Fenomena ini sekarang populer disebut brain rot, istilah gaul buat menggambarkan kondisi ketika otak kita “keropos” karena terlalu sering terpapar informasi nggak penting atau hiburan instan yang terus-menerus. Awalnya saya kira ini cuma istilah bercanda di internet. Tapi lama-lama, kok kayaknya makin nyata, ya?

Bukan cuma soal kecanduan media sosial. Tapi lebih ke dampak yang lebih dalam: turunnya daya pikir, menurunnya minat baca, dan hilangnya kemampuan untuk menikmati proses belajar yang bermakna.

Sebagai orang yang pernah duduk di bangku UNY dan merasakan bagaimana kampus ini menanamkan semangat Tridarma Perguruan Tinggi, saya merasa ini jadi tantangan baru: bagaimana UNY dan kita semua bisa berperan dalam menjaga kesehatan pikiran generasi muda di tengah banjirnya konten digital?

Yuk, kita bahas bareng. Mulai dari apa itu brain rot, bagaimana pengaruhnya di kalangan pelajar, dan tentu saja… peran strategis UNY dalam menghadapi fenomena ini.

Apa Itu Brain Rot?

Istilah brain rot sebenarnya bukan istilah medis atau ilmiah. Ini lebih ke istilah budaya, semacam bahasa gaul internet buat menggambarkan kondisi mental saat otak terasa “keropos”. Bukan dalam arti fisik, tapi secara fungsi: susah mikir panjang, gampang terdistraksi, dan merasa “kosong” meski sudah konsumsi konten berjam-jam. Oxford University Pers mendefinisikan brain rot sebagai "kemunduran yang diduga terjadi pada kondisi mental atau intelektual seseorang, terutama jika dilihat sebagai akibat dari konsumsi berlebihan terhadap materi (sekarang terutama konten daring) yang dianggap remeh atau tidak menantang.

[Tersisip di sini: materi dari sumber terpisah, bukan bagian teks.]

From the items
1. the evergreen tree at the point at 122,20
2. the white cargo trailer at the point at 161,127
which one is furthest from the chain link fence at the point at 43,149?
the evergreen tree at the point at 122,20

Biasanya, ini terjadi karena kita terlalu sering terpapar informasi yang nggak penting, dangkal, dan terus-menerus. Video 30 detik lucu, meme absurd, gosip seleb, potongan podcast penuh opini keras tapi minim data. Semua cepat, ringan, dan… menghibur banget. Tapi sayangnya, itu juga bikin otak kita terbiasa dengan hal-hal instan, sampai akhirnya kesulitan ketika harus membaca tulisan panjang, mendengarkan penjelasan serius, atau sekadar diam dan berpikir.

Di satu sisi, konten hiburan memang bukan musuh. Kita semua butuh istirahat. Tapi kalau setiap waktu kosong selalu kita isi dengan konten cepat saji, lama-lama kita lupa gimana rasanya berpikir pelan-pelan. Lalu esensi istirahatnya dimana?

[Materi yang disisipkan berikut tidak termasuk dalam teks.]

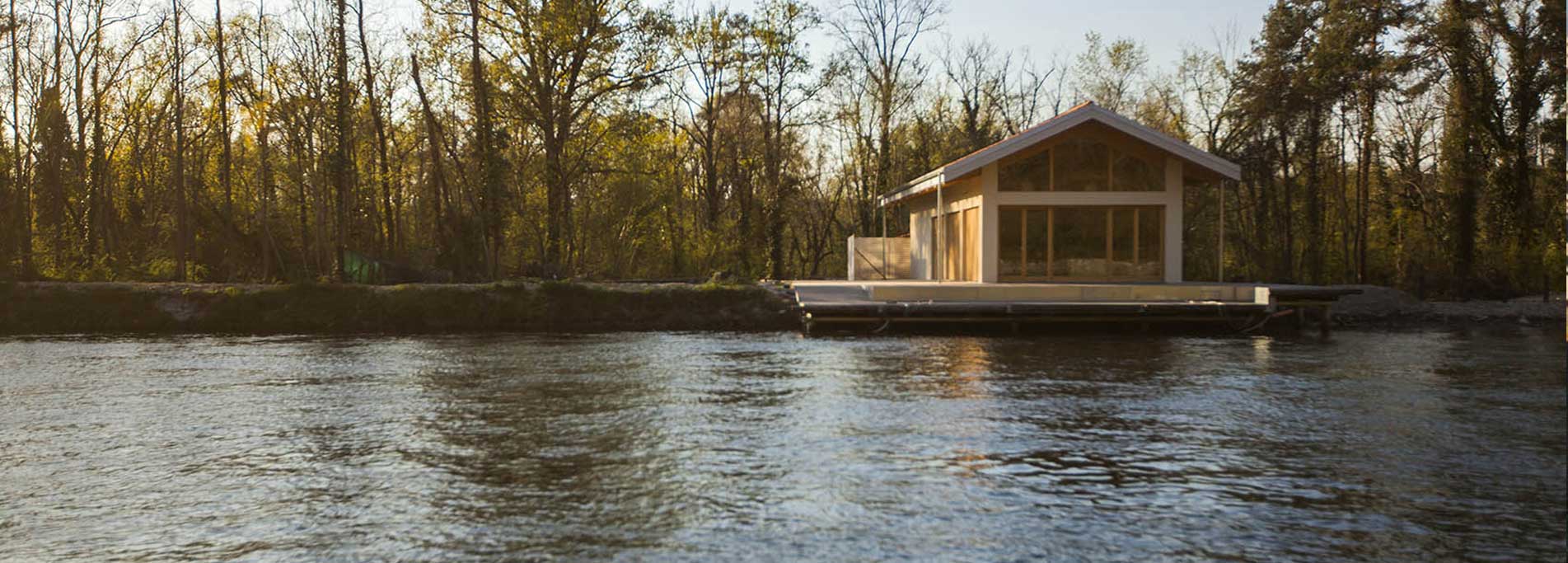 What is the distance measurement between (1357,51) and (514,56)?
22.6 meters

Literasi Digital: Kunci Melawan Brain Rot

Kalau brain rot adalah “penyakit”nya, maka literasi digital adalah salah satu “obat” terbaiknya.

Tapi jangan buru-buru membayangkan literasi digital itu cuma soal bisa pakai laptop atau jago edit video ya. Literasi digital jauh lebih dalam. Menurut UNESCO, literasi digital adalah kemampuan untuk mengakses, mengelola, memahami, dan mengevaluasi informasi secara kritis melalui teknologi digital.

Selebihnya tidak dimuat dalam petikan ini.